Просьба была встречена громким ропотом и свистом. И Дженевьева с возмущением заметила, что все преспокойно продолжают дымить. Мистер Клаузен выслушал предупреждение распорядителя, держа в руках зажженную спичку, и как ни в чем не бывало закурил сигару. Дженевьева почувствовала к нему острую ненависть. Как может ее Джо драться в таком дымище? Ей и то нечем дышать, а она ведь просто сидит, не двигаясь.
Распорядитель подошел к Джо. Тот встал; купальный халат соскользнул с него, и Джо вышел на середину ринга обнаженный, в одних парусиновых башмаках и в коротких белых трусах. Дженевьева потупилась. Она была одна, никто не мог видеть ее, и все же она вся вспыхнула от жгучего стыда, увидев наготу своего возлюбленного.
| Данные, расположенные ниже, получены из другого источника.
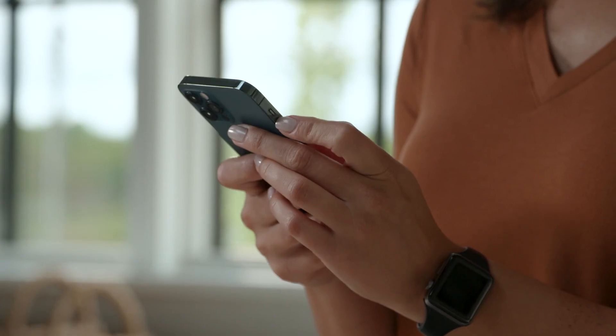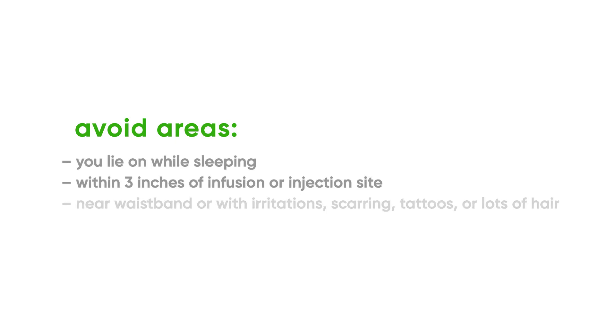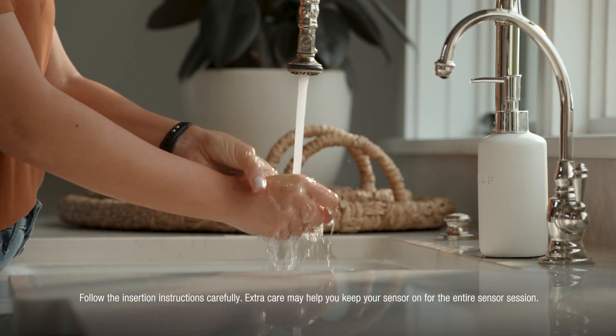Now let's insert the sensor and apply the overpatch. Follow the insertion instructions carefully — extra care may help you keep your sensor on for the entire sensor session. Before you begin, wash and dry your hands. Choose a site on the back of the upper arm.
Но тут же взглянула опять, хоть совесть и мучила ее: ведь ясно, что видеть его таким — грешно. И волнение, поднявшееся в ней, и страстный порыв, толкавший ее к нему, — конечно, это грех. Но то был сладостный грех, и, отвергнув правила общепринятой морали, она не отводила глаз от своего возлюбленного. Изначальный инстинкт, первородный грех, вся могучая природа властно заявляли о себе. Словно зазвучали тихие голоса матерей минувших тысячелетий и первый крик еще не рожденных младенцев. Но этого она не знала, знала только, что она грешница, и с гордо поднятой головой приняла отважное решение сбросить с себя все оковы и до дна испить чашу греха.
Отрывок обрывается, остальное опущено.